There are many factors aside from intelligence that impact success in business or investing. See here for a discussion by money manager and investment theorist William Bernstein, which is very similar to what Buffett has said on various occasions. If you carefully study biographies of the three men listed above, what really stands out (aside from high mental ability) is their determination, drive and fascination with material success beginning at a young age. See also: success vs ability and creators and rulers.

What about the broader population? It's well established that graduates of elite universities earn more than graduates of less selective schools. But, interestingly, controlling for SAT score (IQ) largely eliminates the differential. I wonder why? (See also here for UT Austin data on earnings variation with SAT and major.)

Monday, February 19, 2007

It's all about the brainpower

Bill Gates is IQ-obsessed. These days you can add Google and a host of hedge funds and startups to Goldman as the main competitors for Bill's coveted brainpower.

WSJ: (Rich Kaarlgard) Eleven years ago, while editing a tech magazine whose future would include boom and bye-bye, I caught a fantastically lucky break. I got to spend a week on the road with Bill Gates. ...
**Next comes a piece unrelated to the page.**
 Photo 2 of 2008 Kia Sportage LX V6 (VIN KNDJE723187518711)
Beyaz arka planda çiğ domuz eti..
I'll never forget flying with him on the 11:30 p.m. shuttle from Logan to LaGuardia. Mr. Gates sat unrecognized, row 27, a lank-haired fellow in a rugby shirt and khakis. His eyes were glued to a book. His new friend Warren Buffett, you see, had lent him a copy of "The Intelligent Investor," Benjamin Graham's classic. Not only was pupil Gates reading it on a midnight flight, he was tapping notes into his laptop! F. Scott Fitzgerald was right. The rich are different.
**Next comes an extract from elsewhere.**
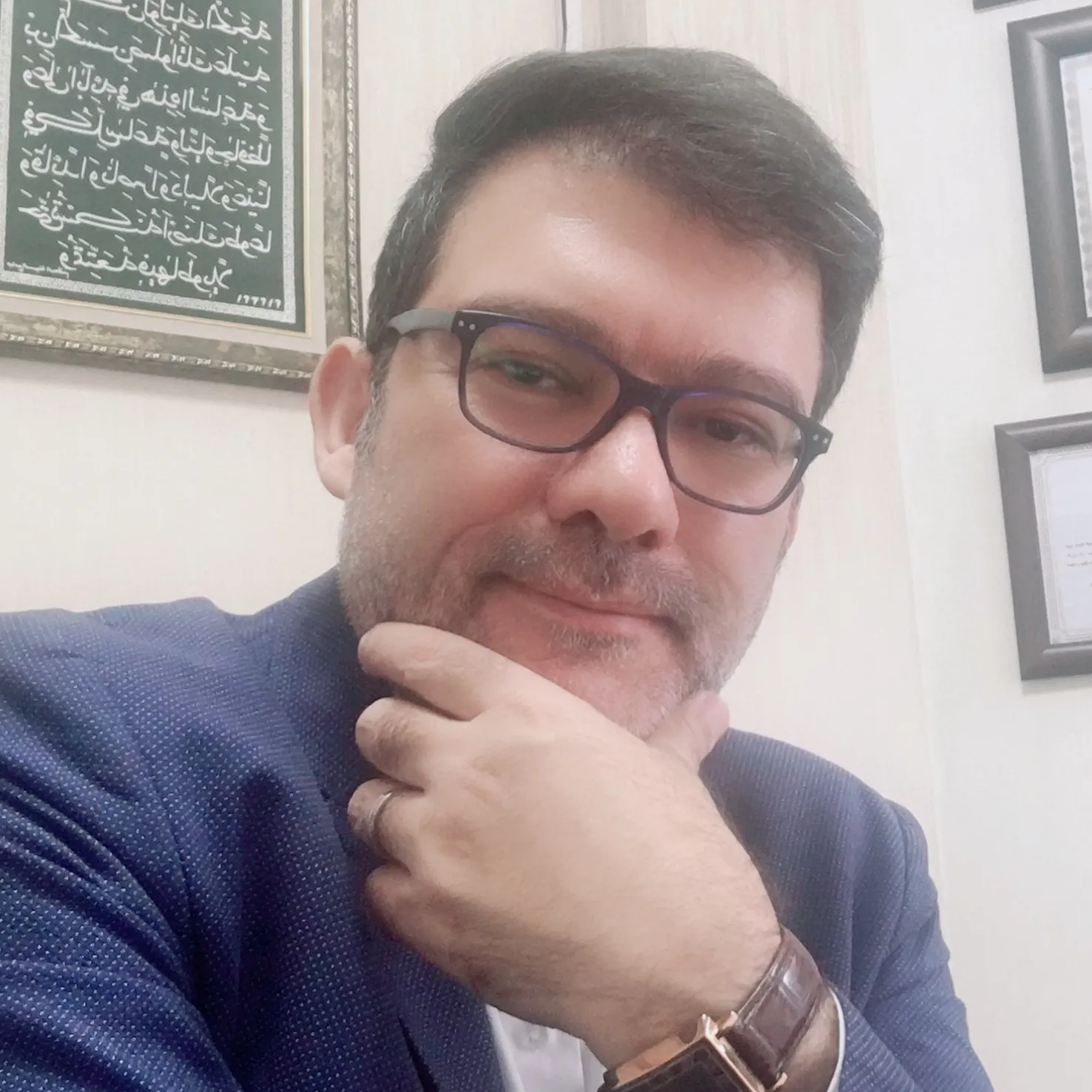 دکتر علیرضا مستقیمی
Halfway through the flight, Mr. Gates closed the book, shut his computer off and we talked. Out of nowhere, he told me that he had recently figured out who his competition was. It was not Apple, Lotus or IBM. He waited a couple of beats. "It's Goldman Sachs."

"Is this a scoop? Is Microsoft getting into investment banking?"

"No," he said. "I mean the competition for talent. It's all about IQ. You win with IQ. Our only competition for IQ is the top investment banks." During that trip, I must have heard Mr. Gates mention "IQ" a hundred times.

The obsession with smarts is embedded deep in Mr. Gates's thinking and long ago was institutionalized at Microsoft. Apply for a job and you'll face an oral grilling that probes for IQ. It is oral and informal because of Griggs v. Duke Power, the 1971 Supreme Court ruling that banished written IQ tests and "tests of an abstract nature" from job applications. But Microsoft knows what it wants. It wants IQ. And Microsoft always has been savvy at getting what it wants.